### TASK TO CARRY OUT
Using the material below, return exactly the lines between the one holding "Apartamento T2 na" and the one holding "Victorinox Classic SD", inclusive, and no others.

### INPUT FOR THIS TASK
────────────────

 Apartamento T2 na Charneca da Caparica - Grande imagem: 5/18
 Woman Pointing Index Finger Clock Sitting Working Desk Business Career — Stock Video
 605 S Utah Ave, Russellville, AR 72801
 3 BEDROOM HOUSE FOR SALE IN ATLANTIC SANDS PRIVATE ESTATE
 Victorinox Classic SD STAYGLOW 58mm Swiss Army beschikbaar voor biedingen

────────────────

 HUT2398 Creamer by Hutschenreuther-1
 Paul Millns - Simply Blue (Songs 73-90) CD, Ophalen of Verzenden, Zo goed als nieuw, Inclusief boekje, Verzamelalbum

────────────────

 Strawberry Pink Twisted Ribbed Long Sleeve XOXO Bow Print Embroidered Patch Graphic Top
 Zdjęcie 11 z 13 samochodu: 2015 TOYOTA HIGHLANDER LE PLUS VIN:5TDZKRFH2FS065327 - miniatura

────────────────

### TASK OUTPUT
 Apartamento T2 na Charneca da Caparica - Grande imagem: 5/18
 Woman Pointing Index Finger Clock Sitting Working Desk Business Career — Stock Video
 605 S Utah Ave, Russellville, AR 72801
 3 BEDROOM HOUSE FOR SALE IN ATLANTIC SANDS PRIVATE ESTATE
 Victorinox Classic SD STAYGLOW 58mm Swiss Army beschikbaar voor biedingen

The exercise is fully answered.